Tuesday, March 29, 2011

Dice living today.  First roll said water the fernery which I have done, the next said write here.  The other choices were write my Aunt, wash the car (ick!), do yoga, plant the leek seeds in a seedling box,  draw (which I'll do after lunch anyway).  As I do one activity, I cross it out and add another.  I can add something fun or something I procrastinate doing.  Dice-ing works on those days when I am not terribly focussed or motivated to do any one thing but have a lot to do.  It's also fun and engenders a small thrill of excitement.  I suspect that small thrill is because I am aligning myself in a small way with the hidden vibrations of the universe.  Too lofty a claim for such a small thing?  Perhaps but why does the Tarot so often prove correct or apt for the questioner?  Ditto the I Ching?  Jung didn't scoff at it and neither do I.  There are more things in the Universe Horatio, etc.

We seem to have a permanent population of whistling ducks in the peach paddock.  About twenty of them plucking the grass like little web footed lawnmowers.   We also have a young scrub turkey who shows up nearly every afternoon to scratch around the gardens.  He's very bold and doesn't seem frightened of us or the dogs.  If we get too close he scuttles into the long grass but we have to be pretty close before he takes off.

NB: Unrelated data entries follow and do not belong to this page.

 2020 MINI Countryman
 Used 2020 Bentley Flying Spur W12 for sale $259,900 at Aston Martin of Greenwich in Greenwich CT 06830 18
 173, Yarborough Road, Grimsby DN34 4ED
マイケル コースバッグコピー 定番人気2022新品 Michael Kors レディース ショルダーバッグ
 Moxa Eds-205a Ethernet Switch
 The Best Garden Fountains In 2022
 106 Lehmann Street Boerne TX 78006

Yesterday, R went with our neighbour to his cousin's house.  Her husband died a month or so ago.  He was a hoarder of sorts and as alot of his stuff is large and unwieldy R wants to give her a hand.  The husband collected Buddhas.  R asked if I was interested in having one.  Sure I said so he brought home about twenty of them.  Most of them are resin or plaster, very ornate and not very appealing but he did bring have a few wooden ones that are delightful.  Especially this large (3/4 computer CPU size) wood fellow with a cheery grin and an ample, very ample belly.  Loved him on sight.  But I have taken a few others.  One very large red resin fellow, very complicated with wicker hat, chinese characters (ideograms?), bags and a string of coins I have put in the fernery.  He is too fussy to be in the house (too fussy to clean properly either) but his deep red looks great in the green of the fernery.  I'm quite chuffed.  Also in the collection were 3 soapstone figurines; one of Kwan Yin another of Ganesh but I don't know who the third guy is.  I think he's a Buddha but he's different in form, more like an Indian god than Chinese.  I've always liked soapstone. 

I have had a small wood Buddha here in the office for a few years now.  I bought him somewhere in the States at a second hand shop or a garage sale or something.  He's a laughing Buddha.  He finds life not only amusing but a downright hoot.  I couldn't resist him then and I still love him now.

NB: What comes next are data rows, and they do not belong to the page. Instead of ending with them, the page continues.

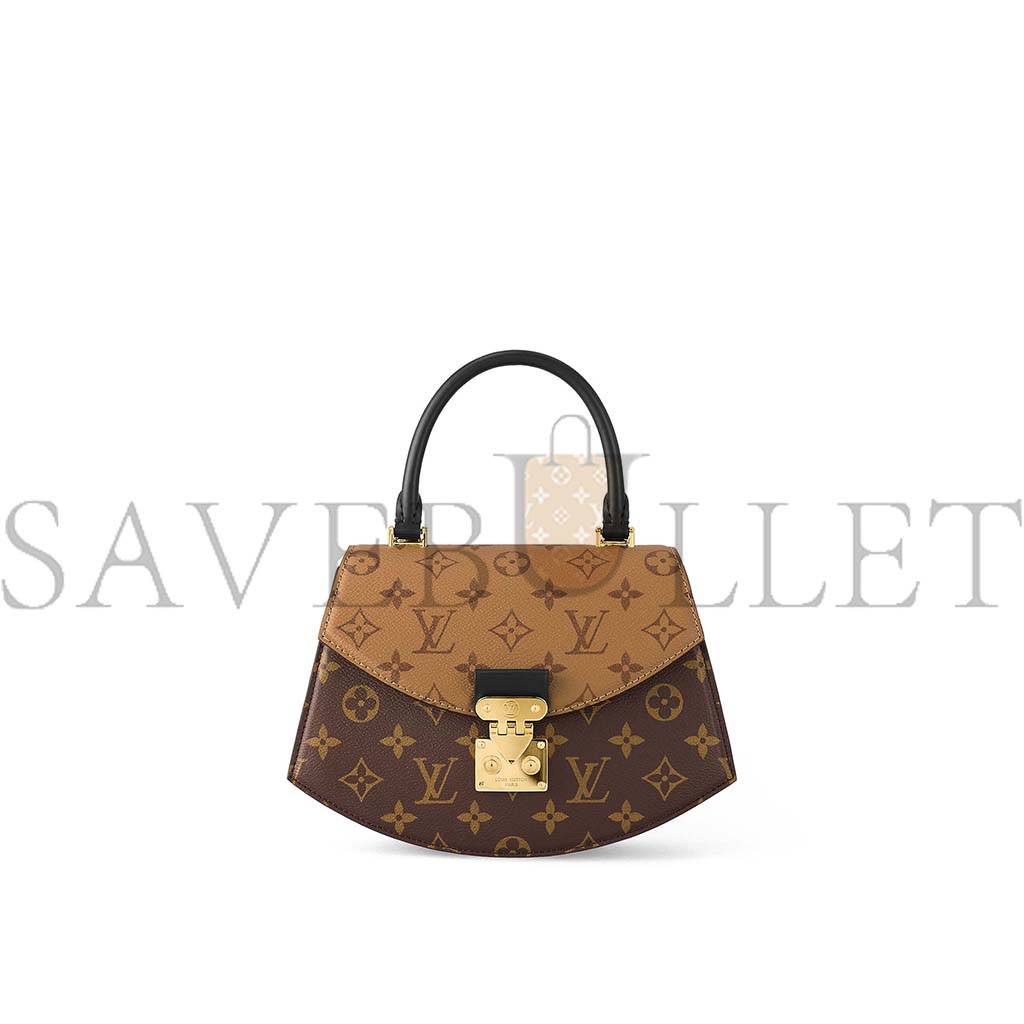 LOUIS VUITTON TILSITT M46548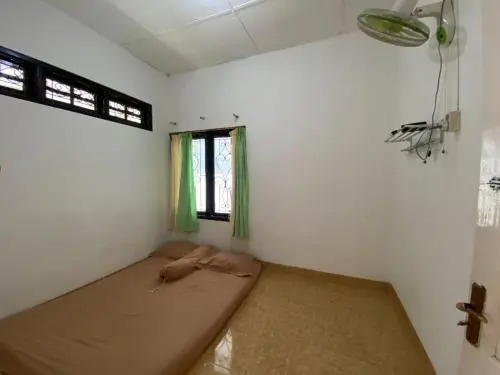Батуретно: Grapyak Homestay Syariah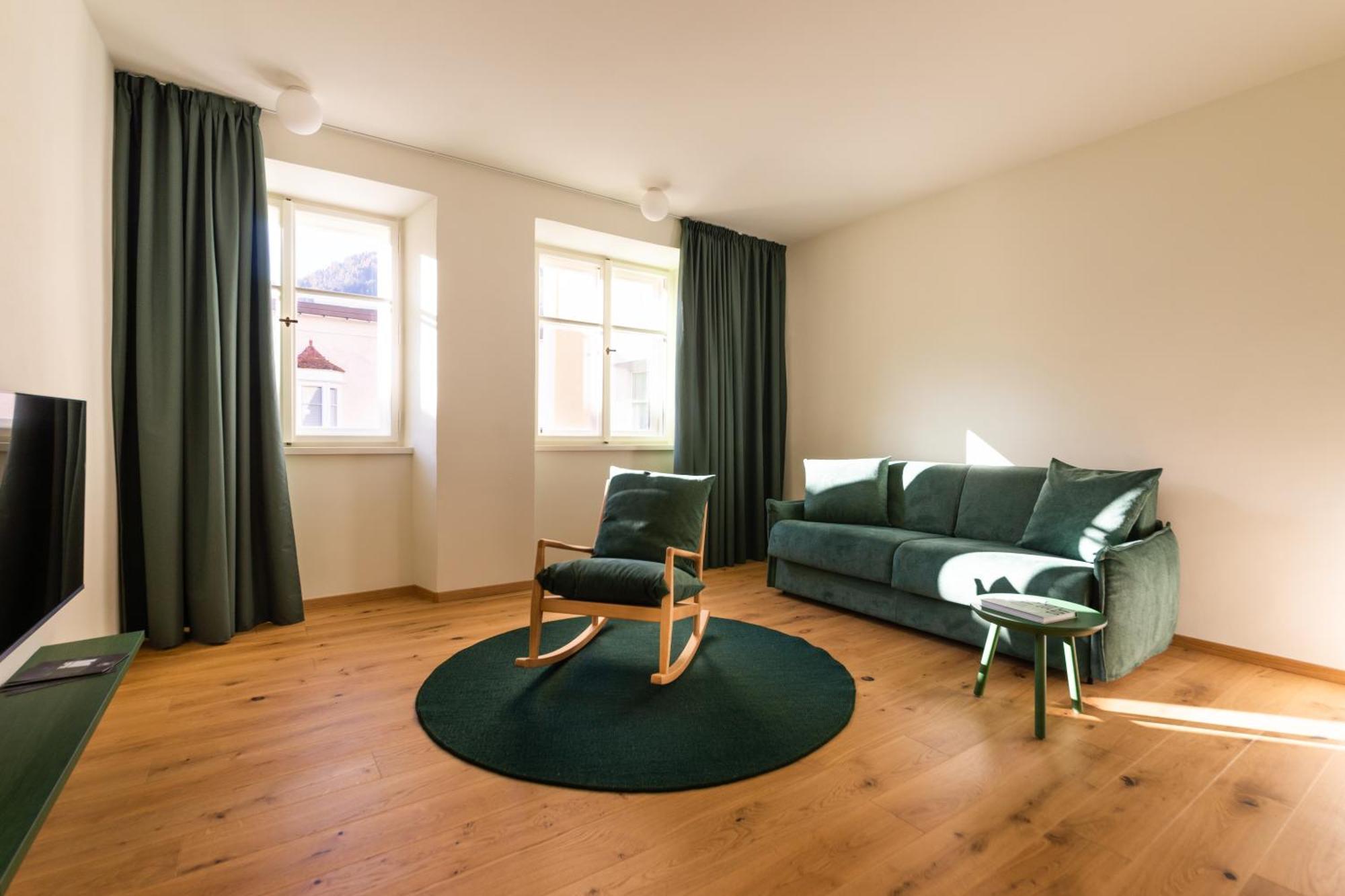 Casa Fellin Guesthouse Vipiteno Ngoại thất bức ảnh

The convex mirror drawing is going well.  I am working on the area surrounding the mirror.  Decided against trying to copy the actual frame that the mirror is in.  Just wouldn't have worked.  It has been a very fiddly piece but I have enjoyed it.  It isn't as well done as I'd like.  I'm really trying to slow down and take the time it takes but even though I'm not rushing through I just don't have the skill to make it as good as what is in my head.  

I see the Archibald is on again.  One day I'd like to get down to see it.  800 entries of which only 40 or 50 will be hung.   There are some talented people out there.  Saw some of the works in the packing room on TV.  I love it that people still love to draw and paint.    I guess I'm just too old and set in my opinions to be agog about some of the stuff which is considered art today.  (Still suspect a good few of them are having a wank).

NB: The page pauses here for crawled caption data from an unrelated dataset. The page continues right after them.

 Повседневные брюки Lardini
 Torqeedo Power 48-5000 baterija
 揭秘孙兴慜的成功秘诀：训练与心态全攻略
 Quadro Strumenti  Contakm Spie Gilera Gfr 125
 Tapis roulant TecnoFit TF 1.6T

Watched a piece on ABCs Art Nation about the new gallery MONA (Museum of Old and Modern Art).  It features the collection of David Walsh.  No doubt there are many beautiful pieces in it but what grabs the news and therefore what we see are the more dubious 'works of art'.  One is a machine which makes faeces.  Put the food in one end and through a series of tubes and beakers the end result are blobs of poo.  What an inspiring work!  Another was a painting, perhaps a photograph, of people spreading their cheeks so their anus was on view.  Inspiring!  Another was of beef carcasses hung on a wall.  I'm faint with awe!    What a load of codswallop!  It's privately funded and it does reflect the taste of the collector so if that's what blows his hair back, good for him.   But I can't help but think some 'artists' are laughing all the way to the bank. 

1 comment:

  1. I read a very hoity toity article on the importance of the Louvre's "Gabrielle d'Estrées and One of Her Sisters" importance in the 16th century works and I looked at it and said Hogwash...the artist and models were having fun and poking fun at the aristocracy. I actually stood behind three art professors, a history professor and an art critic at an art competition and overheard them discussing a painting and the great depth of despair and the struggle between good and evil the infamous war between power and powerlessness and I was so impressed with this amazing piece of work that I has to step around them to see what painting they were talking about...and it was mine! And that was not AT ALL what I was thinking about when I was painting it! They were highly acclaimed in their fields and I knew in that moment they were all quacks! The world is nuts kiddo. And you may be one of the few sane people here.